PostgreSQL Operators (Production)

For production deployments, it is strongly recommended to use a PostgreSQL operator instead of the Bitnami Helm charts. This document covers two production-ready options:

CloudNativePG (Recommended for new deployments)
Zalando PostgreSQL Operator (For existing deployments or specific use cases)

Operator Selection Guide

CloudNativePG ⭐ Recommended for New Deployments

Best for:

New production deployments
Modern Kubernetes-native environments
Teams wanting the latest PostgreSQL features
Organizations requiring active development and community support

Pros:

Most popular PostgreSQL operator in 2024 (27.6% market share)
Active development and community
Modern Kubernetes-native architecture
Comprehensive backup and recovery with Barman
Built-in monitoring and observability
Strong enterprise backing from EDB

Zalando PostgreSQL Operator

Best for:

Existing deployments already using Zalando
Teams with specific Patroni requirements
Multi-tenant environments
Organizations comfortable with stable but less actively developed tools

Pros:

Battle-tested in production environments
Built on proven Patroni technology
Excellent multi-tenancy support
Mature and stable codebase

Considerations:

Limited active development since 2021
May lag behind in supporting latest PostgreSQL versions
Less community engagement compared to CloudNativePG

Option 1: CloudNativePG (Recommended)

Overview

CloudNativePG provides:

Kubernetes-native PostgreSQL cluster management
Automated failover and self-healing capabilities
Built-in streaming replication and high availability
Continuous backup with Point-in-Time Recovery (PITR)
Integrated monitoring with Prometheus
Zero-downtime maintenance operations
Multi-cloud and hybrid cloud support

Prerequisites

Kubernetes cluster version 1.25 or above
Configured kubectl access
Appropriate RBAC permissions
Storage class with persistent volume support

Installation

1. Install CloudNativePG Operator

# Install the latest release

kubectl apply -f <https://raw.githubusercontent.com/cloudnative-pg/cloudnative-pg/release-1.23/releases/cnpg-1.23.0.yaml>

Verify the operator is running:

kubectl get pods -n cnpg-system

2. Create a Production PostgreSQL Cluster

Create a production-ready PostgreSQL cluster configuration:

apiVersion: postgresql.cnpg.io/v1
kind: Cluster
metadata:
  name: waldur-postgres
  namespace: default
spec:
  # High availability setup
  instances: 3  # 1 primary + 2 replicas

  # PostgreSQL version
  imageName: ghcr.io/cloudnative-pg/postgresql:16.4

  # Bootstrap configuration
  bootstrap:
    initdb:
      database: waldur
      owner: waldur
      secret:
        name: waldur-postgres-credentials

  # Resource configuration
  resources:
    requests:
      memory: "2Gi"
      cpu: "1000m"
    limits:
      memory: "4Gi"
      cpu: "2000m"

  # Storage configuration
  storage:
    size: 100Gi
    storageClass: "fast-ssd"  # Use appropriate storage class

  # PostgreSQL configuration
  postgresql:
    parameters:
      # Performance tuning
      shared_buffers: "512MB"
      effective_cache_size: "3GB"
      maintenance_work_mem: "256MB"
      checkpoint_completion_target: "0.9"
      wal_buffers: "16MB"
      default_statistics_target: "100"
      random_page_cost: "1.1"
      effective_io_concurrency: "200"

      # Connection settings
      max_connections: "200"

      # Logging
      log_destination: "stderr"
      log_statement: "all"
      log_duration: "on"
      log_line_prefix: "%t [%p]: [%l-1] user=%u,db=%d,app=%a,client=%h "
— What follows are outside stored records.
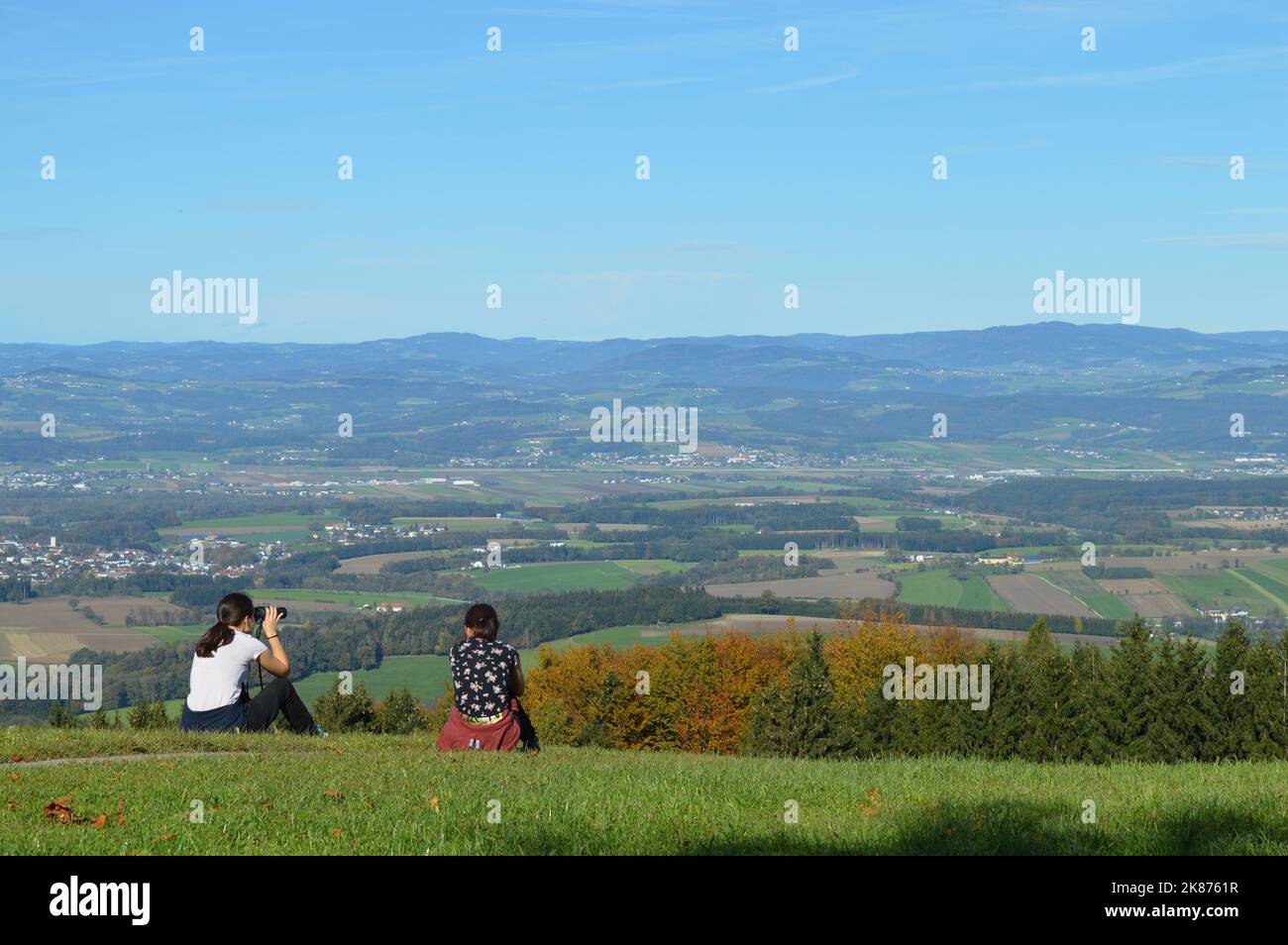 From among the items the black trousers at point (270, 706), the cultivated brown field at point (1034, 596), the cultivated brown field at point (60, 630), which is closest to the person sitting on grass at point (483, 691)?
the black trousers at point (270, 706)

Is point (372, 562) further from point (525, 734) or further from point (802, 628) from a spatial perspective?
point (525, 734)

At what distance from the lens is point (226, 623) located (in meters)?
13.9

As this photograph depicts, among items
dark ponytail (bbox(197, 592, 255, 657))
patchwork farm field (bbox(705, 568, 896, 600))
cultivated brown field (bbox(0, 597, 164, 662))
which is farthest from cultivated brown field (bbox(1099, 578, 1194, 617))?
dark ponytail (bbox(197, 592, 255, 657))

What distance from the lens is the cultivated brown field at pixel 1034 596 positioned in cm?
9238

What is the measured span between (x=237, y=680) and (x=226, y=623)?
0.81 m

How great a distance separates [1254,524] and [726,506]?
64105mm

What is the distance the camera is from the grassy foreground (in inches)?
297

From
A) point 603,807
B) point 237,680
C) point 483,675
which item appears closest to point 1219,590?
point 483,675

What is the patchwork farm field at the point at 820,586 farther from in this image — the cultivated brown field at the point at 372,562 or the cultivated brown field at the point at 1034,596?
the cultivated brown field at the point at 372,562

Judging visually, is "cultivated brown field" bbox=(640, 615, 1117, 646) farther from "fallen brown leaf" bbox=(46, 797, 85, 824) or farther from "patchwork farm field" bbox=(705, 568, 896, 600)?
"fallen brown leaf" bbox=(46, 797, 85, 824)

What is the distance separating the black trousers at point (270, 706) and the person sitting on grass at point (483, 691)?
250 centimetres

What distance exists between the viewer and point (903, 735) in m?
40.2

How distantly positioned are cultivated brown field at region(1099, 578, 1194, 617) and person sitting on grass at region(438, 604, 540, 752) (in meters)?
83.2

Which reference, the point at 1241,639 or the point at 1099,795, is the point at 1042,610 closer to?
the point at 1241,639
      # Replication settings
      max_wal_senders: "10"
      max_replication_slots: "10"

      # Archive settings
      archive_mode: "on"
      archive_command: "/bin/true"  # Will be overridden by backup configuration

  # Monitoring configuration
  monitoring:
    enabled: true
    prometheusRule:
      enabled: true

  # Backup configuration
  backup:
    retentionPolicy: "30d"
    barmanObjectStore:
      destinationPath: "s3://your-backup-bucket/waldur-postgres"
      s3Credentials:
        accessKeyId:
          name: backup-credentials
          key: ACCESS_KEY_ID
        secretAccessKey:
          name: backup-credentials
          key: SECRET_ACCESS_KEY
      wal:
        retention: "7d"
      data:
        retention: "30d"
        jobs: 1

  # Affinity rules for high availability
  affinity:
    podAntiAffinity:
      preferredDuringSchedulingIgnoredDuringExecution:

      - weight: 100

        podAffinityTerm:
          labelSelector:
            matchLabels:
              postgresql: waldur-postgres
          topologyKey: kubernetes.io/hostname

  # Connection pooling with PgBouncer
  pooler:
    enabled: true
    instances: 2
    type: pgbouncer
    pgbouncer:
      poolMode: transaction
      parameters:
        max_client_conn: "200"
        default_pool_size: "25"
        min_pool_size: "5"
        reserve_pool_size: "5"
        server_reset_query: "DISCARD ALL"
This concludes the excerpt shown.